Na celebração promovida pela Comunidade Islâmica de Lisboa, Marcelo Rebelo de Sousa destacou o papel da “herança islâmica” em Portugal, e sublinhou a importância da liberdade religiosa. “Desta mesquita central a Odivelas e à Mouraria, de Palmela a Famões, a Coimbra e ao Porto, do Algarve à Madeira e aos Açores, sois todos, somos todos portugueses. Fazemos parte de Portugal e enriquecemos Portugal”, disse, diante de um auditório composto por pessoas de diferentes religiões, onde esteve também o Patriarca de Lisboa, D. Rui Valério.
À saída, em declarações aos jornalistas, o Presidente da República lamentou a morte, este sábado, de uma britânica de 85 anos, na sequência de um fenómeno de vento extremo em Albufeira, no Algarve.
“Sempre que há uma morte e já tinha havido duas, nós não podemos deixar de lamentar e de acompanhar o sofrimento, sobretudo porque quem morre nestas circunstâncias normalmente é o mais indefeso.
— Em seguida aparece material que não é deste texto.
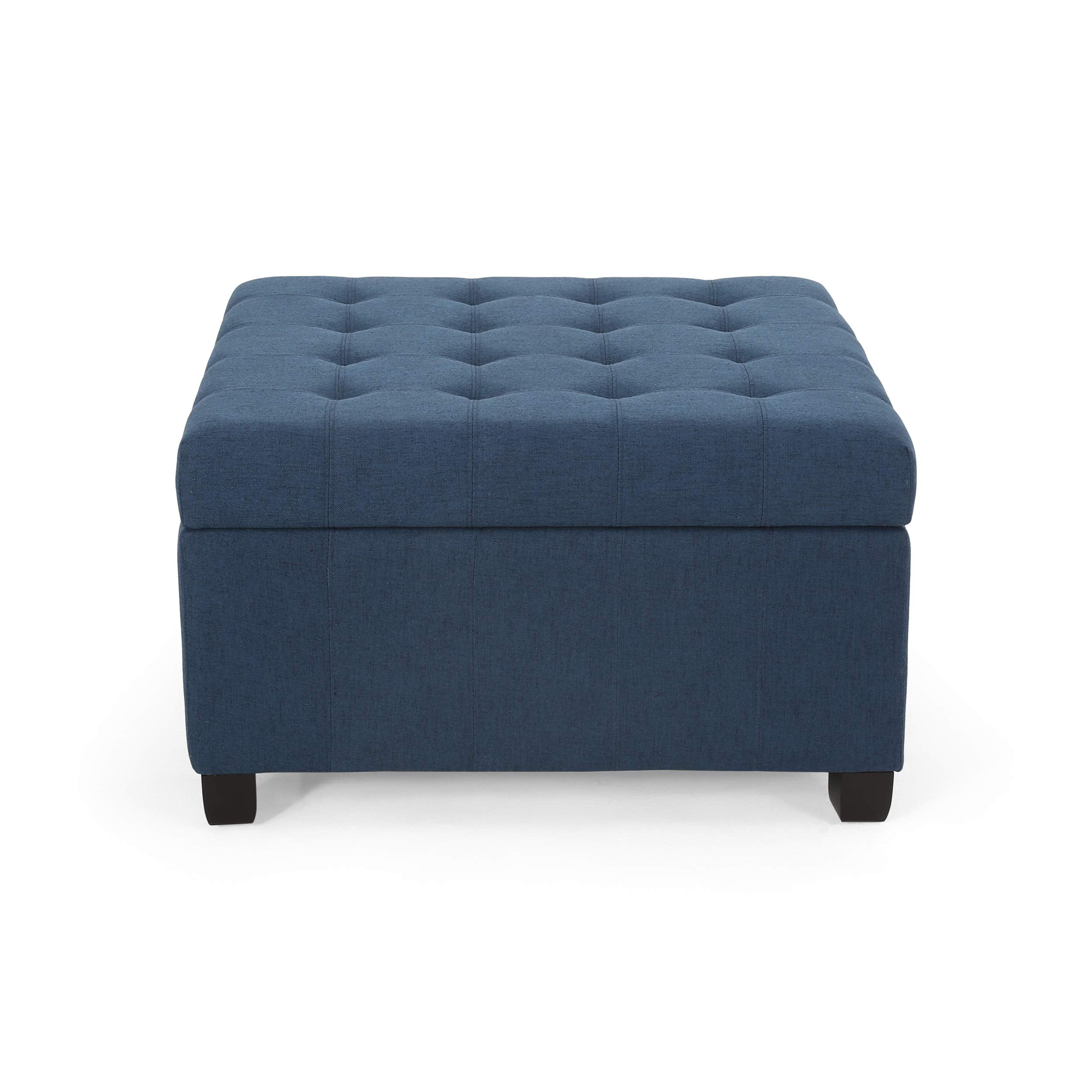 Christopher Knight Home Hedda Tufted Fabric Storage Ottoman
São os mais indefesos, são mais idosos, são mais pobres, que têm menos condições de se proteger, de se prevenir”, afirmou, referindo que nestes dias, em que o País tem sido afetado pela depressão Cláudia, “os portugueses foram muito disciplinados”.
Questionado sobre o Congresso Nacional da Liga dos Bombeiros Portugueses, que decorre este fim de semana, Marcelo Rebelo de Sousa afirmou que “o primeiro interessado na valorização dos bombeiros é Portugal”. “São os portugueses, é a sociedade portuguesa, é o Estado português, são as autarquias”, frisou. “Sabemos que os bombeiros consideram que se prepara o próximo ano de incêndios com antecedência e que têm propostas sobre o estatuto próprio e sobre o seu papel. É no inverno, quer dizer, é agora, que se prepara bem a primavera, o verão e o outono do ano que vem”, afirmou.
A sessão comemorativa dos 40 anos da Mesquita Central de Lisboa contou, ainda, com as intervenções de Sheik David Munir, Imã da Mesquita Central de Lisboa, que disse que “amar a Pátria” faz parte da fé. “Portugal é a nossa Pátria. Ninguém tem o direito de dizer a um muçulmano português que esta não é a sua pátria”, destacou.
Entre os presentes nesta celebração estiveram, ainda, Monsenhor José António Teixeira Alves, Encarregado de Negócios da Nunciatura Apostólica, o Padre Peter Stilwell, diretor do Departamento das Relações Ecuménicas e do Diálogo Inter-Religioso do Patriarcado de Lisboa, e Manuel Mulji, presidente da Comunidade Hindu de Portugal, entre outros representantes religiosos.